No necesito cargos para ministrar, el ministerio continúa fluyendo aún más allá de los cargos. Samuel dejó de ser el líder de Israel, pero cuando el entregó su cargo al primer rey de Israel, Saúl, Samuel dijo: Lejos esté de mi que deje de orar por ustedes y antes bien les enseñaré a comportarse de manera buena y recta. Muchos pelean los cargos y no los quieren soltar y se olvidan del ministerio que Dios les dio; Otros, saben soltar los cargos y ven como sus ministerios aún crecen y crecen sin tener los cargos.

Que estemos dispuestos a cumplir con la tarea más hermosa, la tarea de la intercesión y ministrar enseñando a otros a comportarse de manera buena y correcta. Vivimos para ministrar, y no necesitamos de plataformas humanas para hacerlo, pues la plataforma del ministerio la provee Dios.

No siempre será delante de un pueblo, detrás de un púlpito, o detrás de un micrófono de radio  o ante las cámaras de televisión, a veces es sólo lado a lado con una persona y allí ver la manera tan dulce y hermosa como Dios opera, a veces será sólo en el altar de la intercesión y estando en secreto veremos como Dios nos recompensa en público.

EL RESPALDO DE DIOS.

Renuevo de Plenitud Ministerial en la Disposición, es contar con el respaldo de Dios. Cuando Samuel terminó de confrontar al pueblo la Biblia dice:  “ Y Samuel clamó al Señor y Dios dio truenos y lluvía en aquel día, y todo el pueblo tuvo gran temor de Jehová y de Samuel” I Samuel 12:18. El trueno de los cielos fue la voz de confirmación y respaldo de Dios para su siervo.

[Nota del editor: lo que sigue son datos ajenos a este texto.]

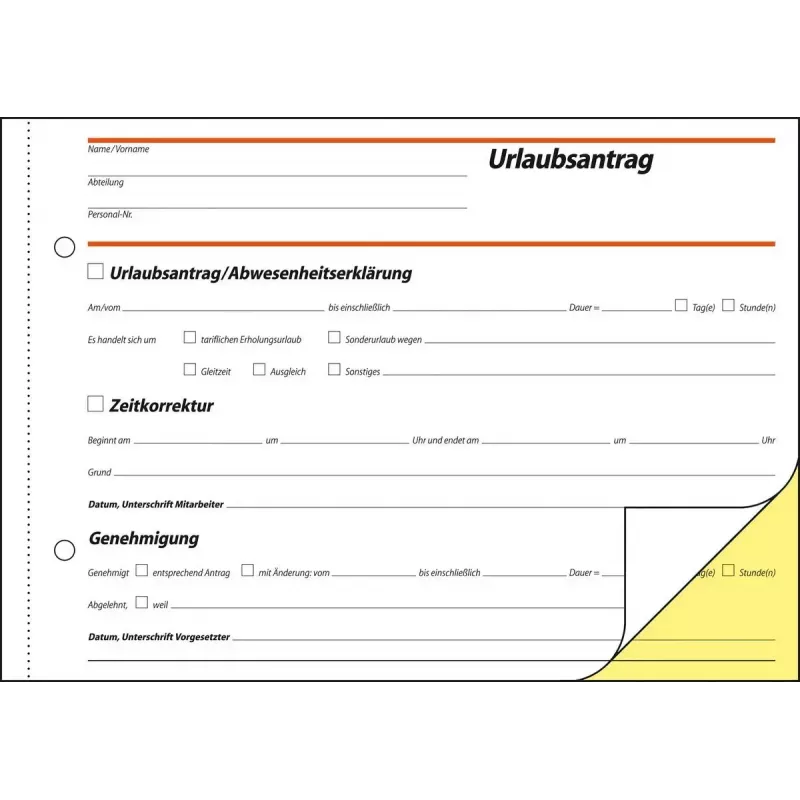 Business form Sigel SD045 Green A5 q 80 sheets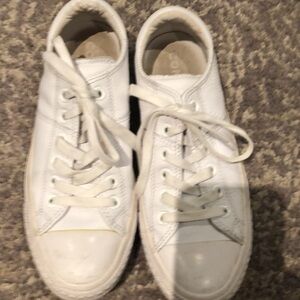 Converse all leather white in 7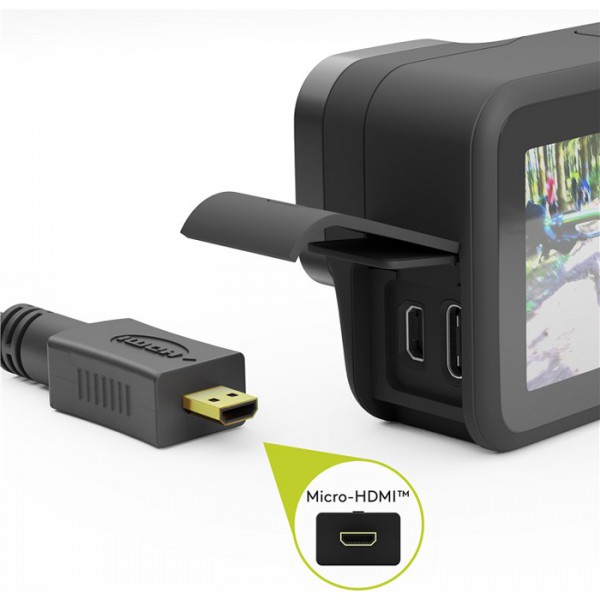 GOOBAY καλώδιο HDMI σε HDMI Micro 53786 με Ethernet, 4K, 3m, μαύρο GOOBAY καλώδιο HDMI σε HDMI Micro 53786 με Ethernet, 4K, 3m, μαύρο
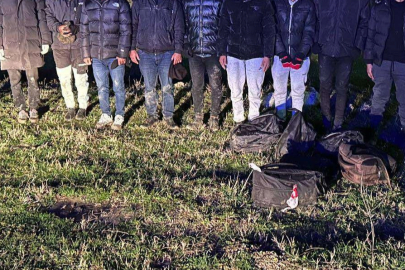 Edirne ve Kırklareli'nde 18 Düzensiz Göçmen Yakalandı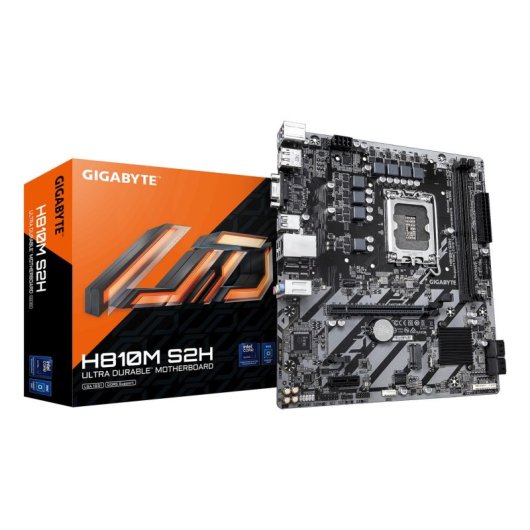 Gigabyte H810M S2H Motherboard Micro-ATX LGA 1851 DDR5 PCIe 4.0 M.2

Renuevo de Plenitud Ministerial es contar con el apoyo y el respaldo del Señor. Él jamás olvidará a sus siervos y siempre los sostendrá.

REFLEXIÓN.

Necesitamos examinar nuestro corazón como siervos y examinar las redes de la disposición. El pueblo se alimentará de lo que llena nuestro corazón.

¿Cómo responderemos en el momento cuando tengamos que salir de donde estamos y entregar a otro lo que Dios en su misericordia nos ha permitido operar?

- Samuel cuando murió todo el pueblo lo lloró.
- Saúl cuando murió dejó consternación por la forma trágica en que murió.
- Samuel traspasó su cargo con honor.
- Saúl se aferró a su cargo y persiguió a David porque él no toleraba un traspaso de cargo.

¿Estás dispuesto a traspasar tu cargo con honor o acaso te estás aferrando al cargo y persiguiendo para eliminar a quién pudiera sustituirte?

Vamos a levantarnos y a comenzar a remendar el RENUEVO DE PLENITUD DE LA DISPOSICIÓN.

Hoy es el día de ese gran comienzo.

1.- Está mi corazón dispuesto realmente a ser observado, evaluado y enseñado?

2.- En cuáles de las áreas que aprobó Samuel estoy débil?

Que Dios te siga ayudando a ser la clase de siervo que te demuestra el genuino amor de Dios desde tu corazón al corazón de Dios y al pueblo al cual ministras.